It turns out, what's really important is that you want your objective function to

be convex, like a convex quadratic function, such as x square over this space

of constraint set that is also convex like an oval or circle.

It's convexity that determines the watershed between easy and hard

optimization problems. So, what is convex optimization?

It refers to minimizing a convex objective function.

So, we've got to define what is a convex function, subject to a convex constraint

set. And, to be computationally useful, this

must be a convex constraint set that can be easily represented by some upper bound

inequalities on convex functions. So, we have to define what's a convex set

and what's a convex function. We will encounter other forms of convex

optimization in network economics, in internet pricing, in congestion control,

in routing, and so many other topics. This is our first brief, quick

introduction to this subject. And, we'll see in this and future lectures

that convex optimization is easy in both theory and in practice.

But, we just want to take three more minutes to introduce the basic notation

before we bring them back, just in time for the future applications in later

lectures. So, what's the convex set?

What's the convex function? We can actually go into a whole course on

nothing but convex analysis, and there are such courses in Math Department.

But for today's purpose, we just need to specify with some pictures.

A convex set is basically a set where you can pick any two element in the set, and

draw a line segment in between. And entire line segment also lies in the

convex, in the set. Then, we call this a convex set.
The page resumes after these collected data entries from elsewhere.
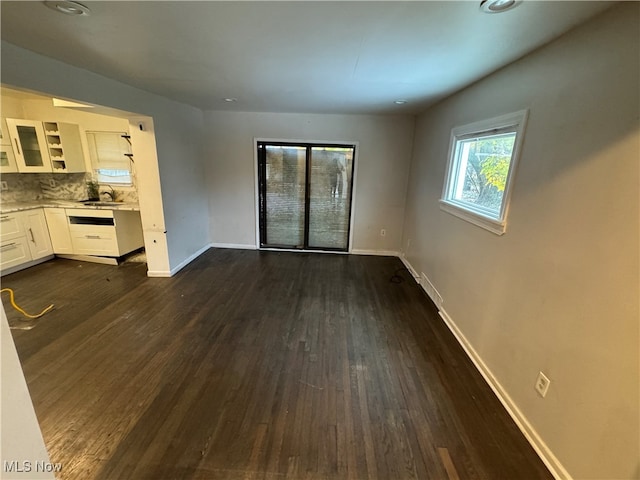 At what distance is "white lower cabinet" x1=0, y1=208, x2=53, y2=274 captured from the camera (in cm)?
357

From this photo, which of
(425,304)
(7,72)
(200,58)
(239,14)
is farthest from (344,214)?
(7,72)

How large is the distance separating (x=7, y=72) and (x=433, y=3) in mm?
2659

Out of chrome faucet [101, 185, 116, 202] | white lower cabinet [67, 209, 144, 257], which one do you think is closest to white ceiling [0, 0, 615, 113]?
white lower cabinet [67, 209, 144, 257]

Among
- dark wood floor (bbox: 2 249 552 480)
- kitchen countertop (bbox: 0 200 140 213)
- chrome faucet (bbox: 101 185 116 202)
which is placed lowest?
dark wood floor (bbox: 2 249 552 480)

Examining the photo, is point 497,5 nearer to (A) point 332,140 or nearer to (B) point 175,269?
(A) point 332,140

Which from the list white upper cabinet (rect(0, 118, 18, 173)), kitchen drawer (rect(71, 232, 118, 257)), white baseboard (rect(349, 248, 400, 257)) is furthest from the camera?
white baseboard (rect(349, 248, 400, 257))

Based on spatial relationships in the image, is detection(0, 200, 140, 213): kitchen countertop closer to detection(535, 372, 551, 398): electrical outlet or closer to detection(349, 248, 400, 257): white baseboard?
detection(349, 248, 400, 257): white baseboard

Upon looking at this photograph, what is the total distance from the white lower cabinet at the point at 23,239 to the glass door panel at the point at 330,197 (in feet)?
13.1

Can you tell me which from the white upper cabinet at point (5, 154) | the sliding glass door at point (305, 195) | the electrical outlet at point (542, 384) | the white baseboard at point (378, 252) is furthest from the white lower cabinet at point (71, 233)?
the electrical outlet at point (542, 384)

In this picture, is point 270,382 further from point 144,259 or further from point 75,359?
point 144,259

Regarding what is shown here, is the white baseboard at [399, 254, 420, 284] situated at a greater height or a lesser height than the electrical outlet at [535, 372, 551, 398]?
lesser

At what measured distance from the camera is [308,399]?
1922 mm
Say, well, this sounds like all sets of convex.

Well, no. Some sets, for example, like this set, you

can pick two points in the set but part of their line segment, this part, does not

lie inside the set. And, this is a kidney-shaped thing that is

a non-convex set. So, generally speaking, we say, a set is

convex if we pick any two points, a and b, that in this set, okay?
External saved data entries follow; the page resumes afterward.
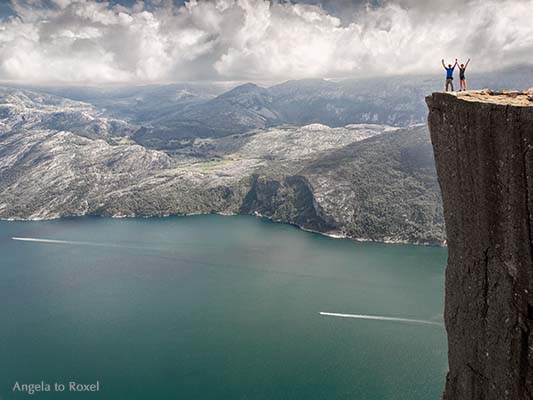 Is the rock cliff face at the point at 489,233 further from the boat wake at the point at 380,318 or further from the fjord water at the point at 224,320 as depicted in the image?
the boat wake at the point at 380,318

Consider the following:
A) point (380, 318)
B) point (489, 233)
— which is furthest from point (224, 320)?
point (489, 233)

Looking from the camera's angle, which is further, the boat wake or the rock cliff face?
the boat wake

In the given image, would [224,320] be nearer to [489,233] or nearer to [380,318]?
[380,318]

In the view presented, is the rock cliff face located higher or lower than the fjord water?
higher

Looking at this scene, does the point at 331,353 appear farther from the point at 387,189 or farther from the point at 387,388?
the point at 387,189

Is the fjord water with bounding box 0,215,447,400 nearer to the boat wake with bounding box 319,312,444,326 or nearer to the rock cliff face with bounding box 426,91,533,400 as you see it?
the boat wake with bounding box 319,312,444,326

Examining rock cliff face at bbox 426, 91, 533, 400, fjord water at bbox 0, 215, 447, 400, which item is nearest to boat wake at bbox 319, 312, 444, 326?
fjord water at bbox 0, 215, 447, 400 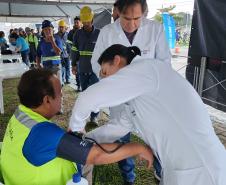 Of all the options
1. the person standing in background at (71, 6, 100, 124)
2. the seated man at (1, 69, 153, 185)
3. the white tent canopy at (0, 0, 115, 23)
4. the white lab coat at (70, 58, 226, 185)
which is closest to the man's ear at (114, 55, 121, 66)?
the white lab coat at (70, 58, 226, 185)

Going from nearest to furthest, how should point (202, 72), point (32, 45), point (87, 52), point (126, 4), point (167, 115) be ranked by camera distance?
point (167, 115) < point (126, 4) < point (202, 72) < point (87, 52) < point (32, 45)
C, pick c. Then, the entire line segment between A

and B, which can be represented as theta a plus one minus theta times b.

For some theta between zero and one, for example, when theta is half, then it is

the midpoint between a and b also lies in c.
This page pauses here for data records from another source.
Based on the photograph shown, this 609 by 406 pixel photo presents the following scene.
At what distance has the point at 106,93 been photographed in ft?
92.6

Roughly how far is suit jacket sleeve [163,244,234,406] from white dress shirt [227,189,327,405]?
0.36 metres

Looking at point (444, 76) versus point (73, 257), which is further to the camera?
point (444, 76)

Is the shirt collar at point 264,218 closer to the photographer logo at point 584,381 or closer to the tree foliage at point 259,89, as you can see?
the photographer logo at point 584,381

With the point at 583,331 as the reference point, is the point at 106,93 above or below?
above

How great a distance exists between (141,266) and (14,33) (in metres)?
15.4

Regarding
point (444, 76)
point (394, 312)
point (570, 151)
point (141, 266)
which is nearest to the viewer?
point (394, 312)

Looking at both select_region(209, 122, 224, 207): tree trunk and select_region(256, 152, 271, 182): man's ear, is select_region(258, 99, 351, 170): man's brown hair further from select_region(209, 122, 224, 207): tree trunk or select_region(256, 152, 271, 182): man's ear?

For all such theta, that's the key word, not for some theta but for all theta.

This is the representation mathematically of the line segment between point a and b.

And, by the way, say a, b are vectors in general, in, in dimensional space So,

pictorially, it just says that, a convex set is a set where the whole line segment

lies inside. It turns out the most important geometric

property of convex set is that any two convex set that don't touch each other can

be separated by a straight line. So, that one set lies on the one side and

the other lies on the other side. Let's say, will this be true for

non-convex set too? Not really.

For example, one set is convex, the other set is non-convex.

They don't touch each other and yet, you cannot separate them with a straight line.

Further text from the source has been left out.